Students: Give Us More Teachers or We'll Sue - NBC Southern California

Students: Give Us More Teachers or We'll Sue

The suit targets the state and LAUSD for carrying out budget cuts that lead to layoffs

    processing...

    NEWSLETTERS

    Students: Give Us More Teachers or We'll Sue
    Los Angeles Unified School District Superintendent Ramon Cortines

    A group of students is taking a novel approach to fighting teacher layoffs at their schools: they got a lawyer and are suing the school district.

    Teacher layoffs at three Los Angeles Unified middle schools have deprived thousands of low-income students of their legal right to an education consistent with statewide standards, civil rights attorneys said in a lawsuit filed today on behalf of pupils at the affected campuses.
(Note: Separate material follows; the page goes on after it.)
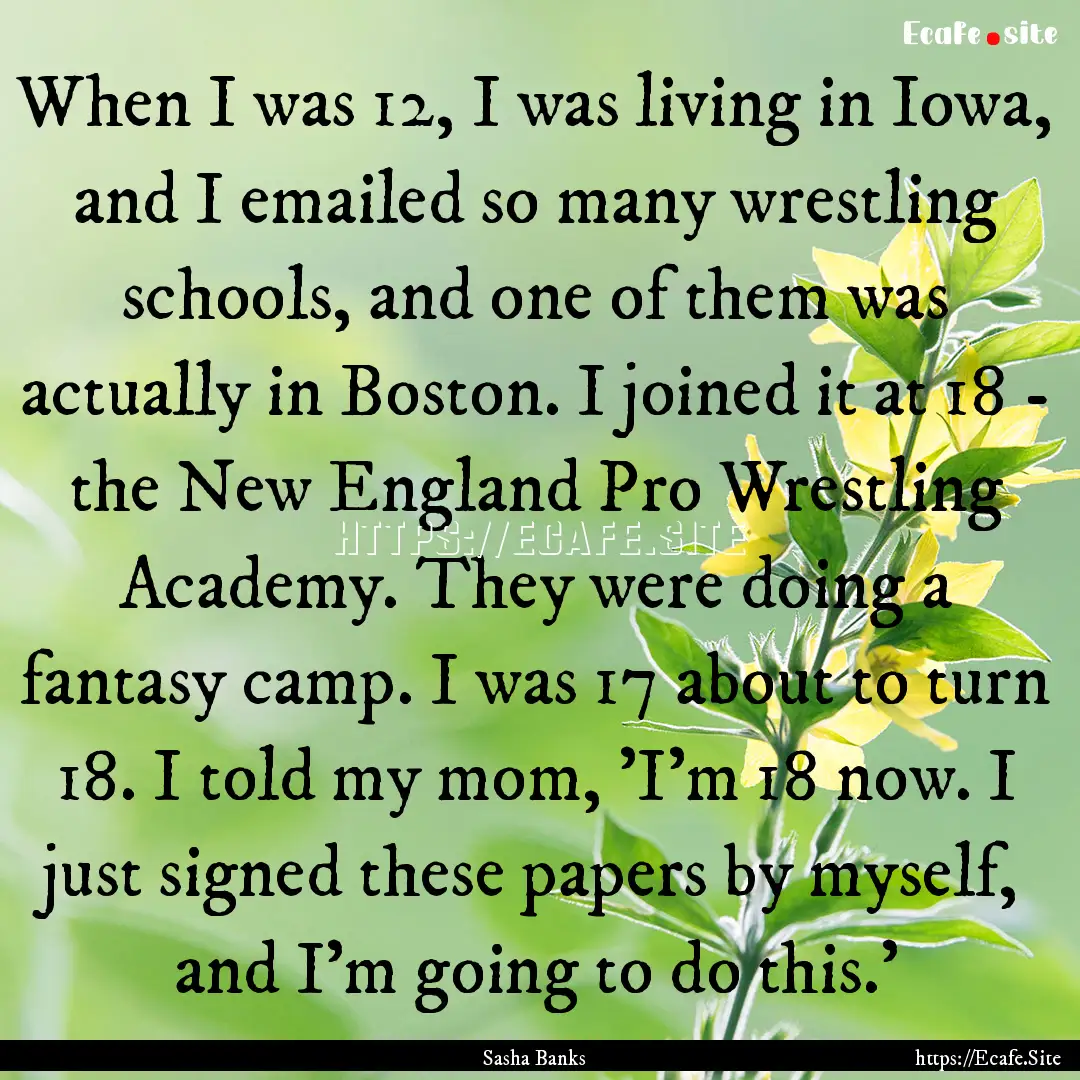 When I was 12, I was living in Iowa, and.... : Quote by Sasha Banks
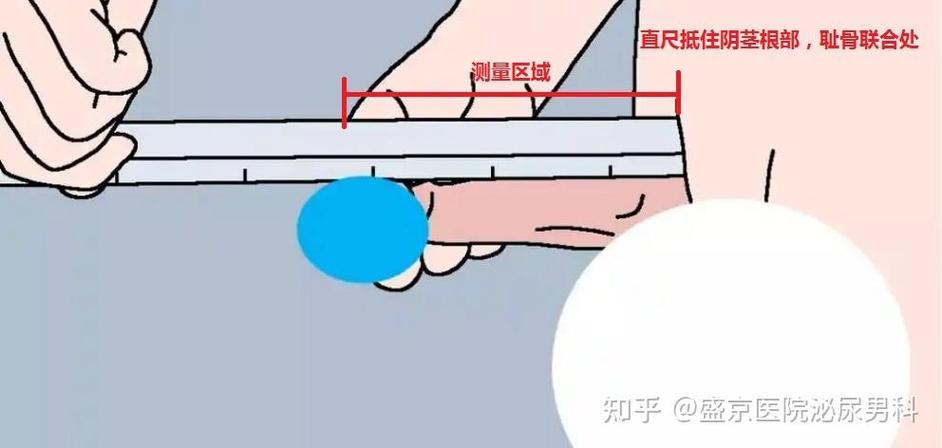 表格上面和下面宽度不一样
    The students are represented in the Los Angeles Superior Court lawsuit by the American Civil Liberties Union of Southern California, the Public Counsel Law Center and the law firm of Morrison & Foerster LLP.

    The suit targets the state and LAUSD for carrying out budget cuts last year that the lawyers allege disproportionately affected Gompers, Liechty and Markham middle schools and decimated their teaching staffs.

    LAUSD Superintendent Ramon Cortines said in a prepared statement that district policy prevents him from commenting on ongoing litigation, but added that layoffs of teachers and thousands of other employees are inevitable because of a $640 million budget deficit.

    Calling the layoffs "disruptive and demoralizing," Cortines said they are not in the best interests of students or the district, which is the nation's second-largest.

    According to the complaint, while many schools around the state lost no teachers to the budget crisis, more than half of the teaching staffs at the three middle schools lost their jobs as permanent teachers.

    "We have had nine different substitutes so far in my history class and it is only January," Markham School eighth-grader Sharail Reed, a named plaintiff, said in a sworn declaration. "We finally got someone in mid- December who said he is a permanent teacher, but I'm not sure how long he will stay."

    At Liechty, fully 72 percent of the teachers received layoff notices, while at Markham the layoffs included almost the entire English department along with every eighth-grade history teacher, according to the lawsuit.

    "Every student knows that you don't reform a school by removing great teachers. If government can bail out the bankers of Wall Street, then it can bail out the children of Watts and Pico-Union," Rosenbaum said.